Wandelen kan niet meer. Een bezoek aan de podologe en nieuwe steunzolen moeten
soelaas brengen. Maar het zal lang wachten worden op de nieuwe zolen en
ondertussen vormt zich wat verder, een nog onzichtbare, nieuwe kink in de
kabel.
November 2012
Een op het eerste zicht onschuldige maagklacht bij Pieter verandert in een
ernstige aandoening aan de pancreas. Pancreaskanker? Lymfeklierkanker? Of
gewoon een onschuldig gezwel? Mijn
sterke wederhelft, mijn rots in de branding, uiterlijk gezond als een paard
blijkt van binnen toch niet zo
onaantastbaar te zijn. Een lichte duizeling in mijn hoofd, een lichte
trilling in mijn benen. Mijn vertrouwen in het leven krijgt een eerste deukje.

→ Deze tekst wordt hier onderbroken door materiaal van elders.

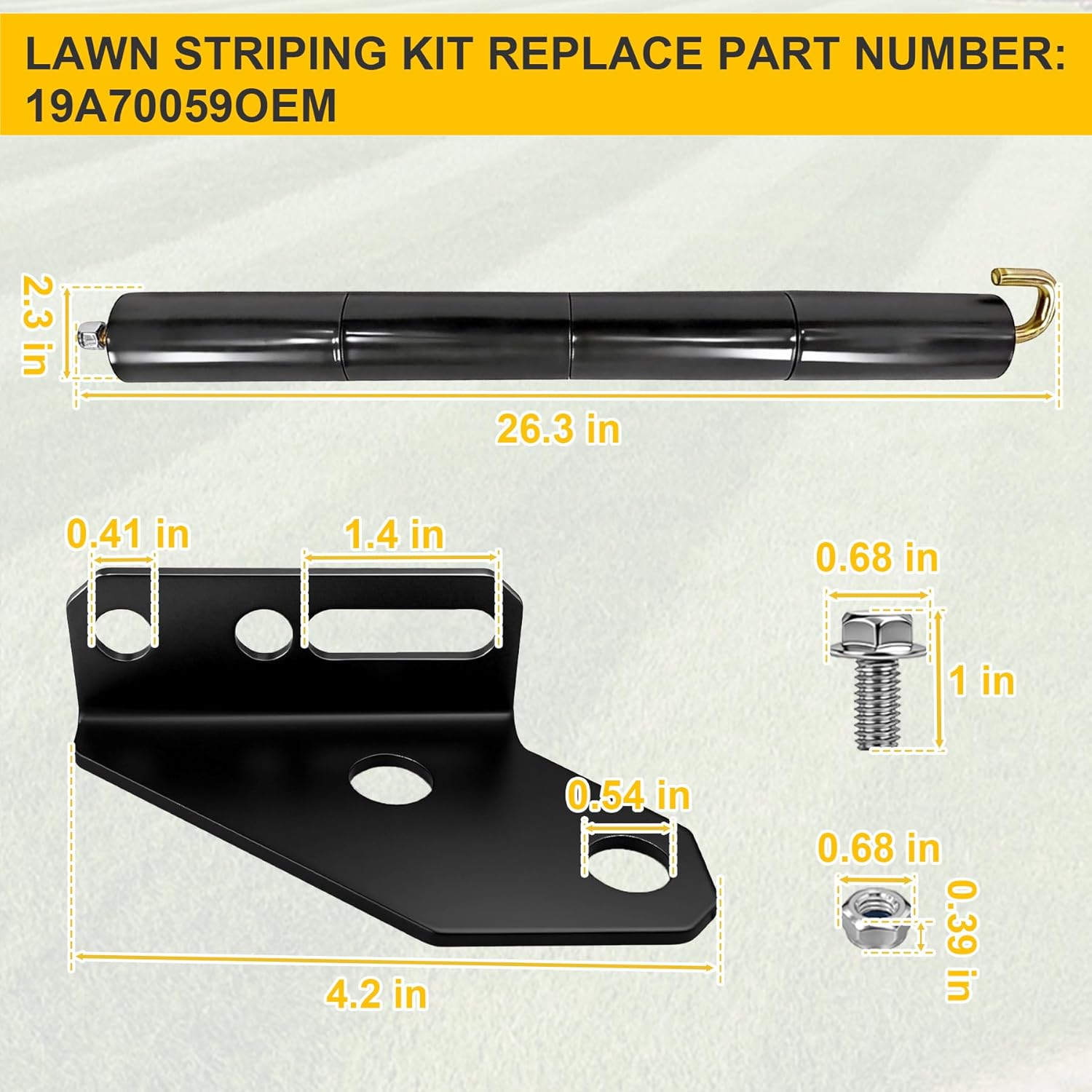 Earthtec 19A70059OEM Lawn Striping Kit for 50"/54"/60" Deck Zero-Turn Mowers, Compatible with Cub Cadet ZT1/ZT2/ZT3, Troy-Bilt Series & More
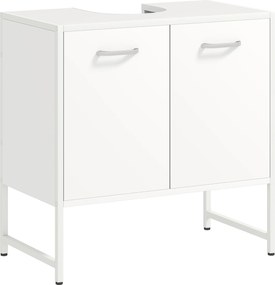 HOMCOM Dulap pentru sub lavoar, mobilier de baie cu 2 uși cu închidere lentă și raft reglabil, alb | Aosom Romania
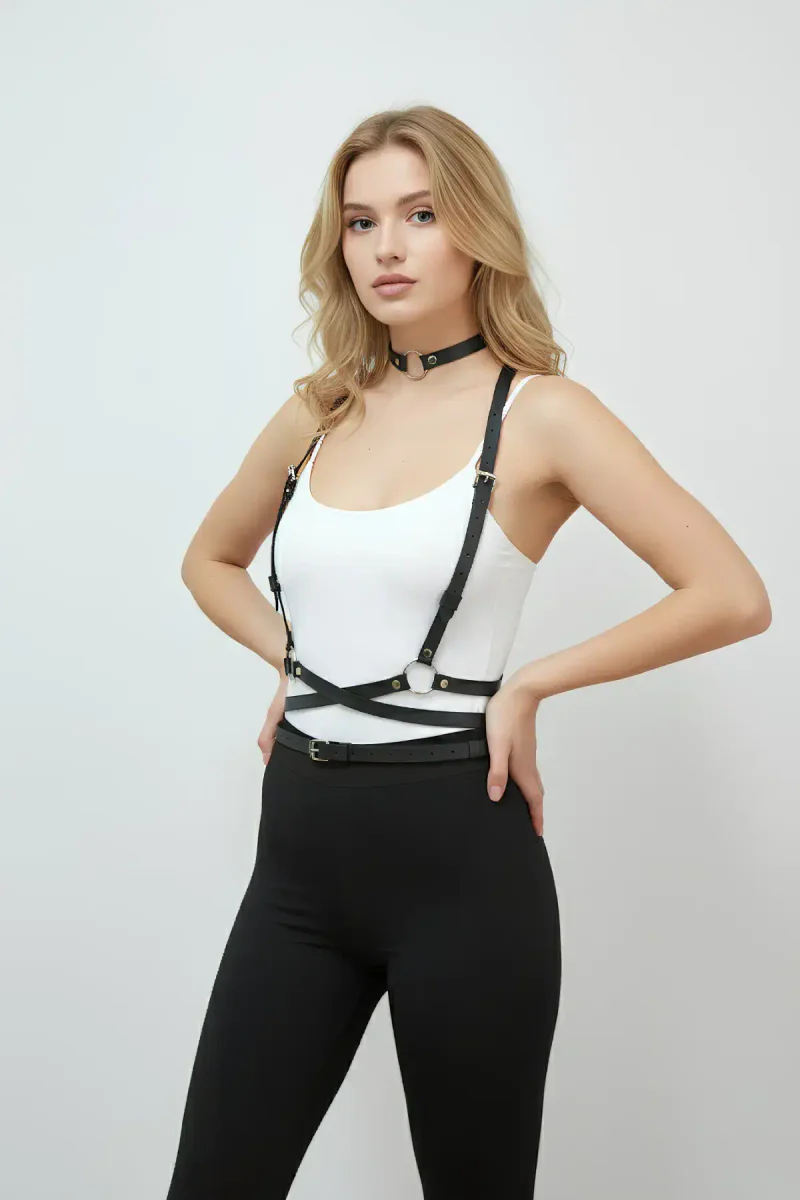 Black Faux Leather Strap Harness Outfit Front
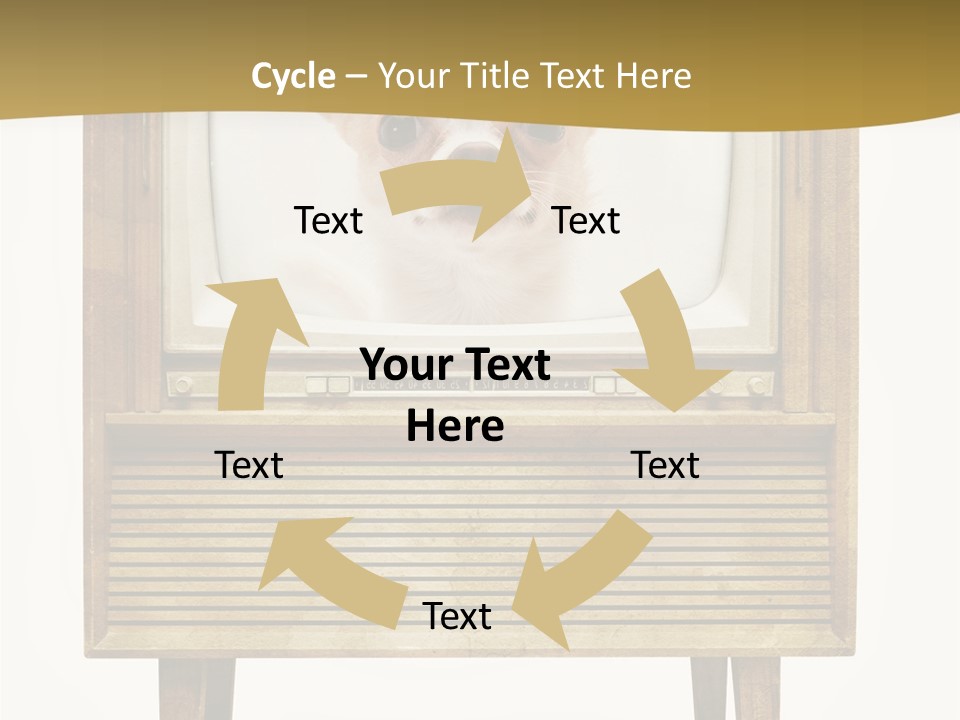 A Small Dog Sitting On Top Of An Old Tv PowerPoint Template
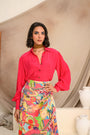 Hot pink shirt with frenzy skirt set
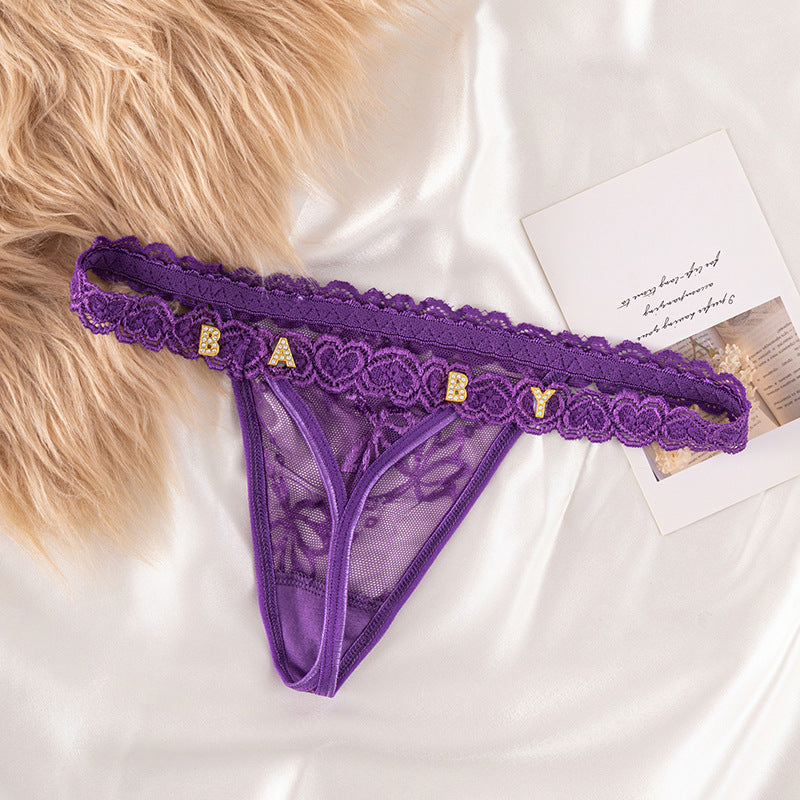 Custom Thong G-strings With Gold Charms Name - Personalized Charm Thong with any name - Custom Thong Bikini - Couple Gift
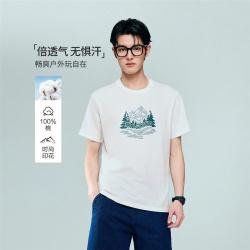 佐丹奴 2026年春夏纯棉登山主题印花男士T恤圆领针织短袖T恤男款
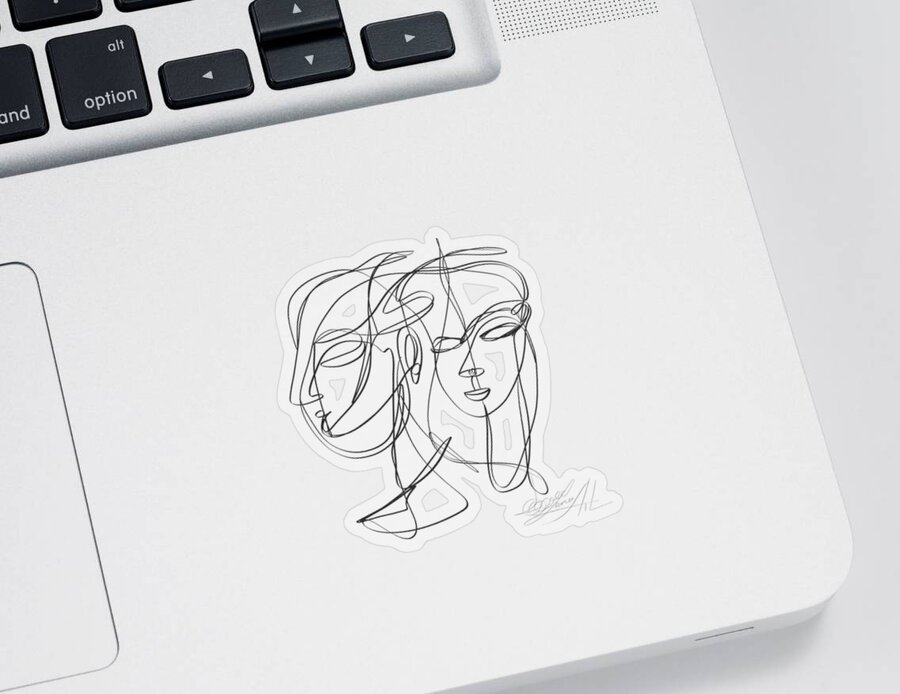 Sketch Sticker featuring the digital art A one-line abstract drawing depicting two faces in a symbiotic relationship by OLena Art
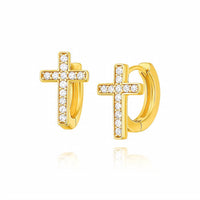 Ellie Vail - Women's Ridge Cross Huggie Hoop Earring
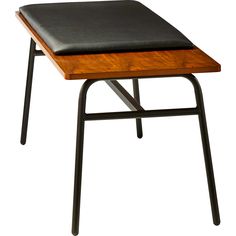 a wooden table with black leather top and metal frame legs, on a white background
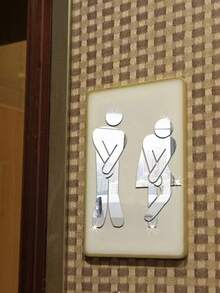 2 pièces Panneau de salle de bain unisexe, signalisation de salle de bain colorée et lumineuse, symbole de genre en matériau ABS convenant aux toilettes publiques, autocollants, décalcomanies murales, décalcomanies de décoration pour la maison, décoration de printemps, rafraîchissez votre maison, autocollants de décoration lama, cadeaux d'anniversaire et de remise des diplômes - Multicolore - Voir 3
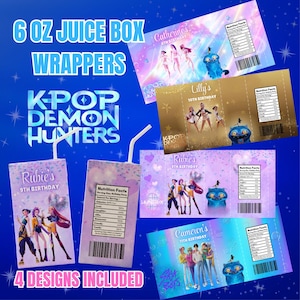 May include: Juice box wrappers with the text "6 OZ JUICE BOX WRAPPERS" and "KPOP DEMON HUNTERS." The wrappers feature various designs with cartoon characters, birthday names, and "Nutrition Facts" labels. Four designs are included.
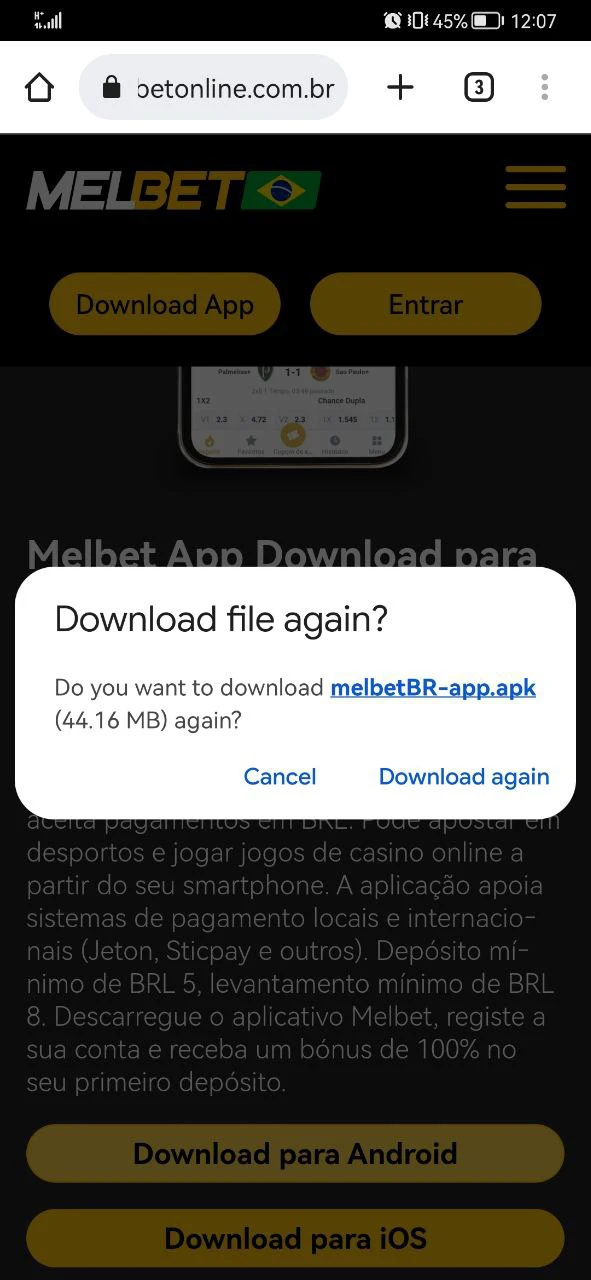 Baixe o arquivo Melbet APK em nosso site.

We lopen van consultatie naar onderzoek en van onderzoek naar consultatie. Ik
wil overal bij zijn, ik wil overal mee naar toe. Ik wil er bij horen, er deel
van uit maken. Werkuren worden verschoven, thuiswerk wordt uitgesteld naar
latere data. Pieters gezondheid komt nu op de eerste plaats, de rest kan
wachten. Ik worstel echter met het vreemde gevoel hier een buitenstaander te
zijn. Hier niet echt bij te horen. De maand november gaat voorbij zonder dat we
het goed beseffen. Het weer zit tegen:
regen, regen, regen… Mijn knie blijft protesteren van zodra ik wat langer
rondloop. De steunzolen zijn nog steeds niet klaar. Ik ben boos en
gefrustreerd, ik wil wandelen, buiten zijn, mijn hoofd leeg maken en niet
voortdurend aan dat ding in Pieters buik denken. De korte wandelingetjes van de
parking naar de ingang van het ziekenhuis worden voor mij even belangrijk als
het uurtje verluchten voor een gevangene. Korte momenten waarop ik toch even
een frisse neus ‘moet’ halen.
December 2012
De onderzoeken blijven elkaar
opvolgen. De onzichtbare kink in de kabel baant zich langzaam maar zeker een
weg naar de oppervlakte. Van een
onschuldig gezwel is al lang geen sprake meer. De rest is één groot vraagteken.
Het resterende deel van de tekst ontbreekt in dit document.